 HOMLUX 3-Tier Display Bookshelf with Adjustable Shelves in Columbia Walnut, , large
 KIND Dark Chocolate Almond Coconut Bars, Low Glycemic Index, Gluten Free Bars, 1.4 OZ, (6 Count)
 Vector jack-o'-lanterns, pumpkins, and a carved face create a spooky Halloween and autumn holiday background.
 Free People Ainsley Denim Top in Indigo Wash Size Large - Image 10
════════════════
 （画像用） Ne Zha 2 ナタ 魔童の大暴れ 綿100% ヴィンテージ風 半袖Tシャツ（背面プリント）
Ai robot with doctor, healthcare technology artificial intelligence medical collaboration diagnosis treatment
════════════════
Please write out, exactly as they appear above, only the lines in the stretch from the line with "Vector jack-o'-lanterns, pumpkins, and" through the line with "Free People Ainsley".

▶ [Solution to the exercise]:
 Vector jack-o'-lanterns, pumpkins, and a carved face create a spooky Halloween and autumn holiday background.
 Free People Ainsley Denim Top in Indigo Wash Size Large - Image 10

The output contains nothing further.